Surfing blogs and the web in general, I often end up at the home page for a new project, and I need to figure out what it is. Too often, the information is not forthcoming. Sometimes, these pages are small open-source projects, where documentation is a clear weak point, and the page will be mostly detailed news items intended for those familiar with the project. I can cut these pages some slack. They should do a better job advocating their work to new users, but I understand how it is that they don’t.
Odd, though, that Fire Eagle, Yahoo’s latest Web 2.0 gizmo, falls into the same sandtrap. It has a very nicely designed page, but again, I don’t know what it does.
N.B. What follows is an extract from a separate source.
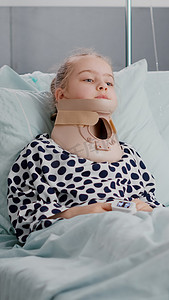 中同摄影照片_生病的儿童病人躺在床上看着相机，同时有颈部颈圈的肖像
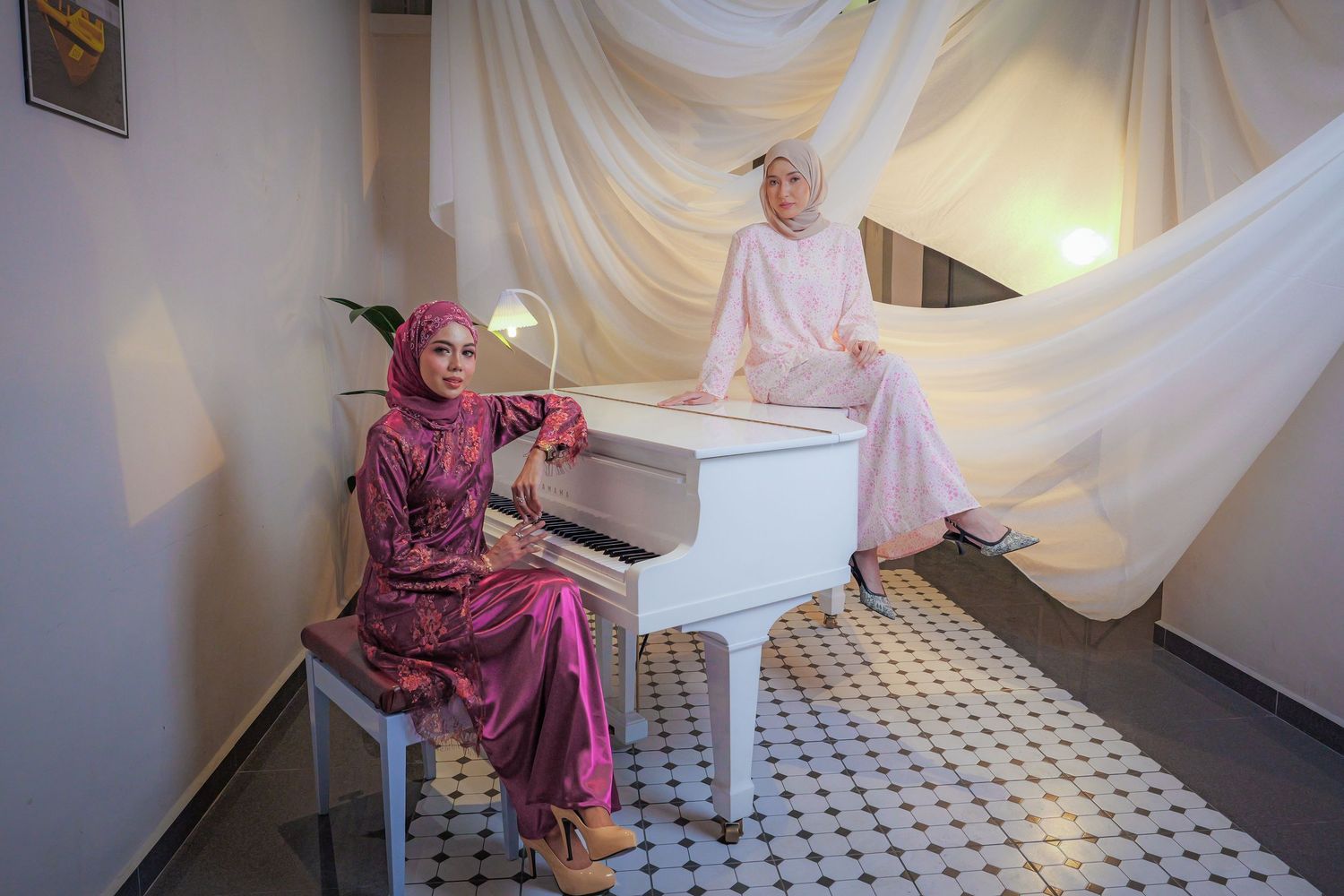 Two people in colorful flowing outfits pose with a white grand piano in a room with draped fabric walls.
When I arrived at the home page, I saw “Take your location to the web!”. What does that mean? Is this a hyper-local advertising service? A way for municipalities to promote local events? The next text I read on the page says, “Update anywhere: send updates from your phone”. Update what? Here I am trying to learn about their service, and I already feel behind the times and out of touch with the cool kids.
Clicking the Join button takes me to a page that starts,
Fire Eagle looks after information about your location. You can use web sites and applications to update your location, and then use that information all over the Internet.
OK, now I think I get it. Other than the odd “looks after information” verb, I’m beginning to see that this a service that tracks where you are physically, and provides that information to other applications so that they can use that location information to enrich their offerings. Why didn’t they just say so?
Comments
I think FireEagle is too cool for Yahoo as well as indicated by their need to put a logo in the lower right of the front page that says "This is Yahoo!".
I was always taught that a basic job of a creator is to be able to crisply define your creation in a way that people can understand: the elevator pitch.